[Opening Source information section]

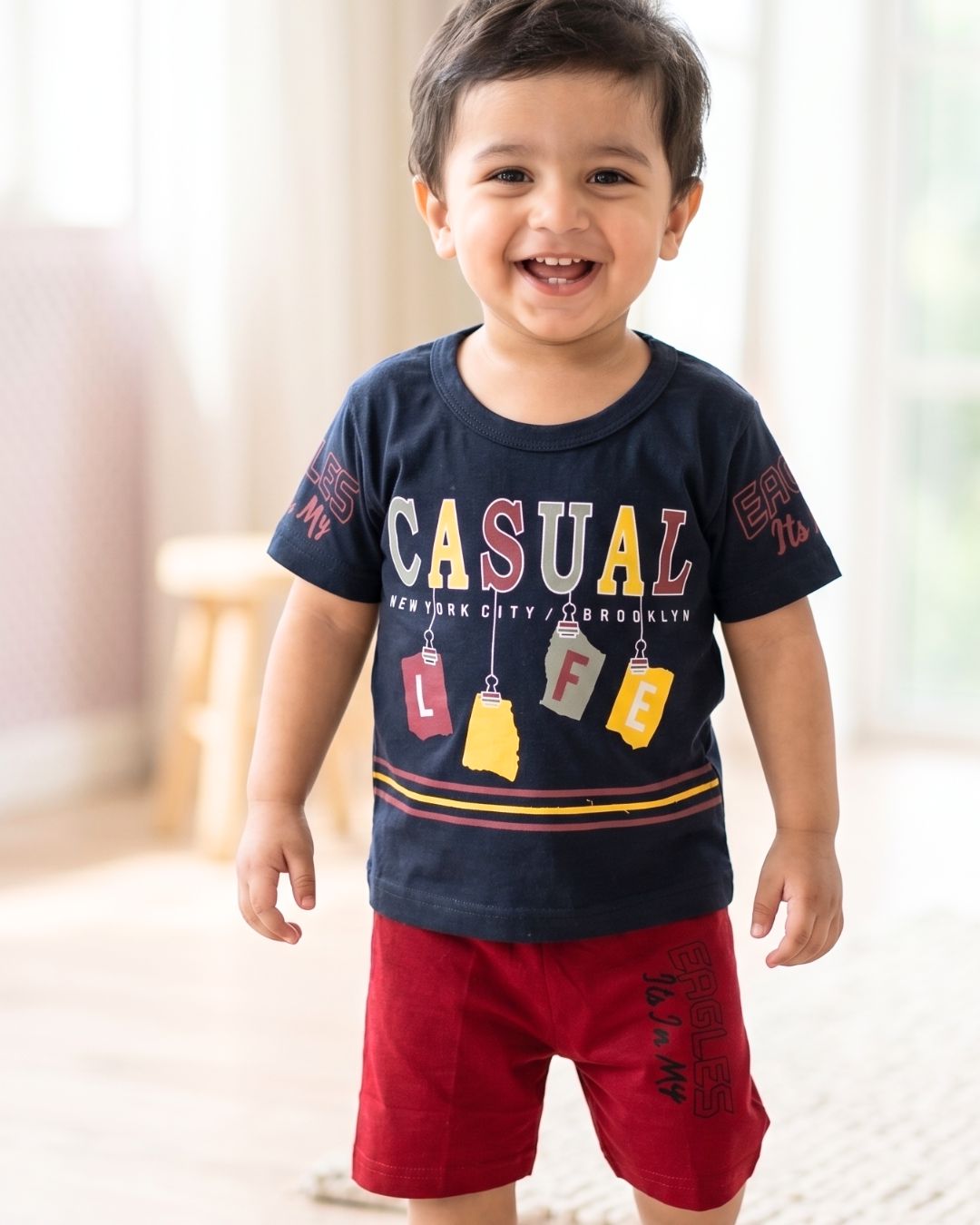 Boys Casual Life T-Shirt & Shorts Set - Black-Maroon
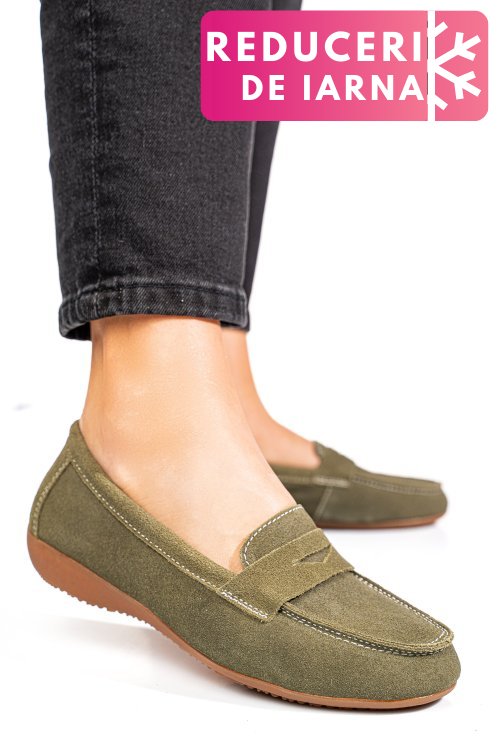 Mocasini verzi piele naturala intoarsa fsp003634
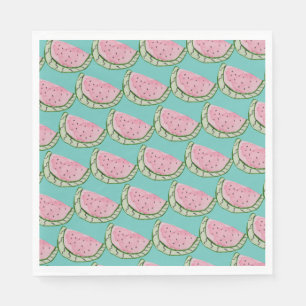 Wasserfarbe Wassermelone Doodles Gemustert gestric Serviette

[Closing Source information section]
[Opening Source information section]

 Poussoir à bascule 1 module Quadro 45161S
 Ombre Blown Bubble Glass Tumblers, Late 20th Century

[Closing Source information section]

### What the task asks:
Could the stretch from the line with "Boys Casual Life" through the line with "Wasserfarbe Wassermelone Doodles" in the listing above be restated word for word, minus the pictures?

### Reply to the task:
 Boys Casual Life T-Shirt & Shorts Set - Black-Maroon
 Mocasini verzi piele naturala intoarsa fsp003634
 Wasserfarbe Wassermelone Doodles Gemustert gestric Serviette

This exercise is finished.